Supplied data below:

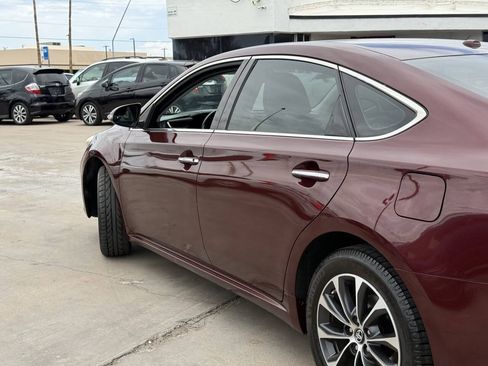 Used 2016 Toyota Avalon XLE FWD image 11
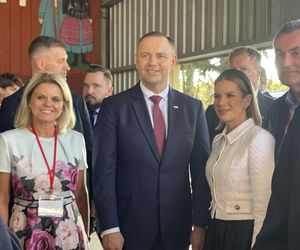 Karol Nawrocki z małżonką w USA. Tak przyjęto ich w Doleystown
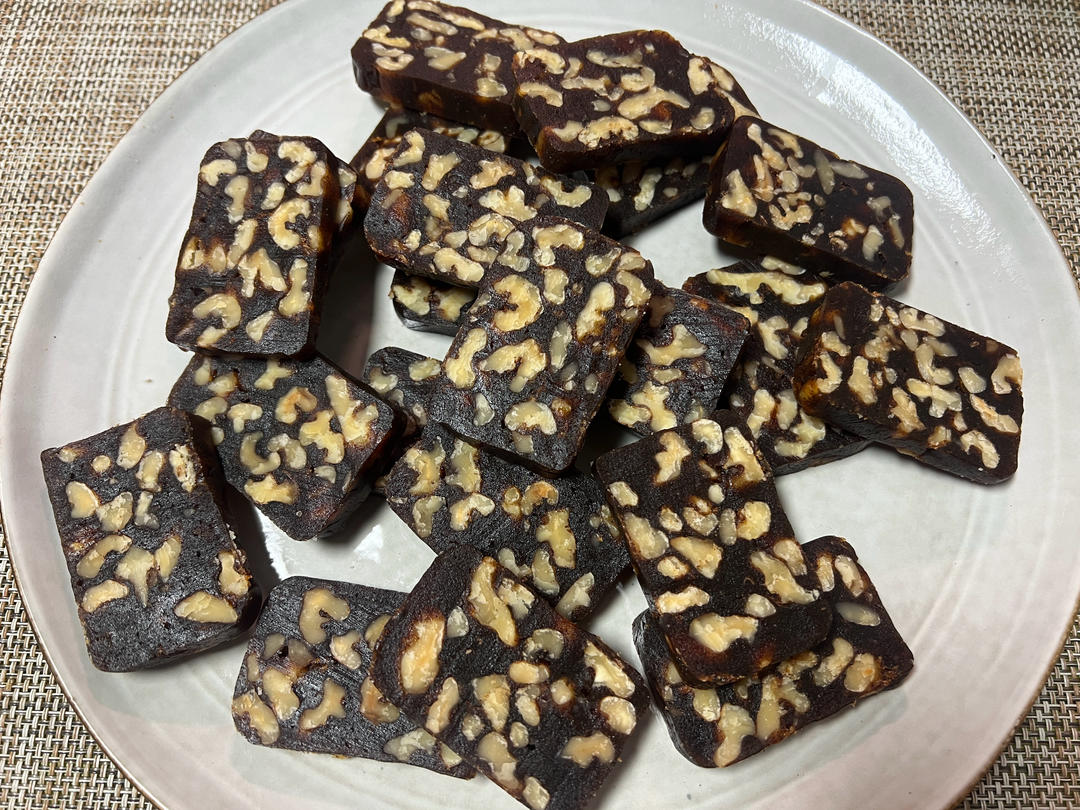 （甜而不腻）超好吃的枣泥核桃糕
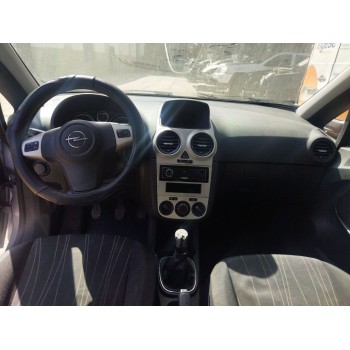 opel corsa d del año 2008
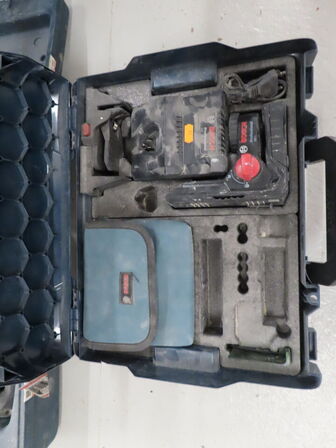 Linjelaser, BOSCH GLL 3-80 CG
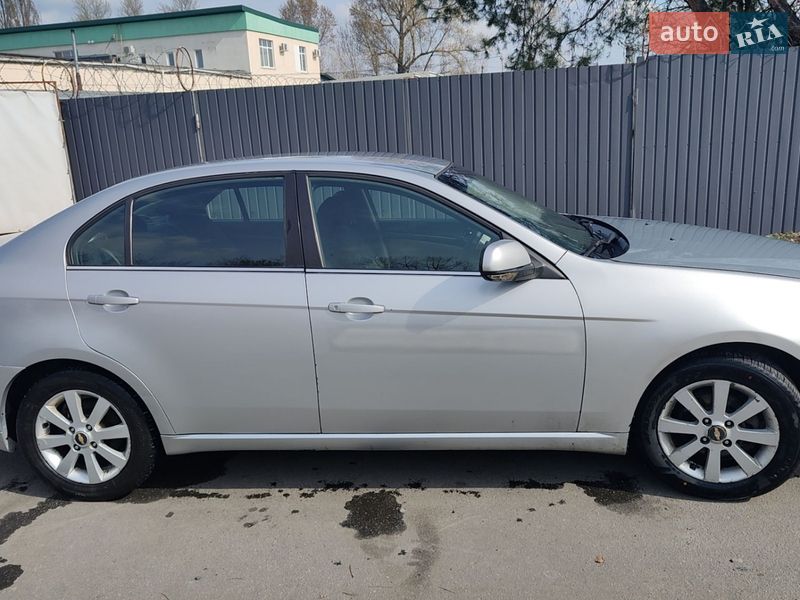 Седан Chevrolet Epica 2008 в Горишних Плавнях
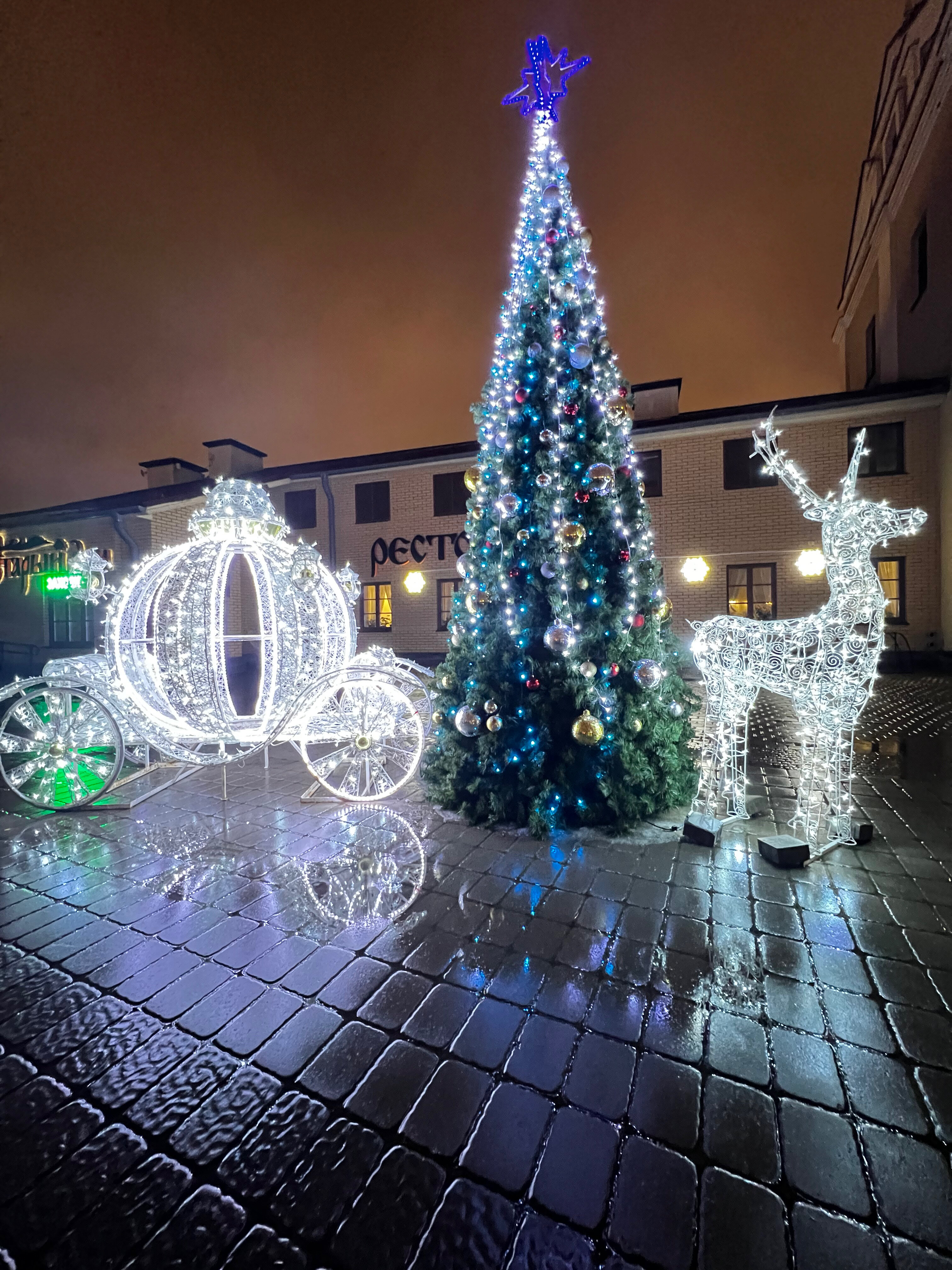 Фото Монастырский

End of Supplied data.

> _Prompt_:
Set down only the lines running from the line with "opel corsa d del año 2008" to the end of the entries, inclusive; omit every picture.

> _Answer box_:
 opel corsa d del año 2008
 Linjelaser, BOSCH GLL 3-80 CG
 Седан Chevrolet Epica 2008 в Горишних Плавнях
 Фото Монастырский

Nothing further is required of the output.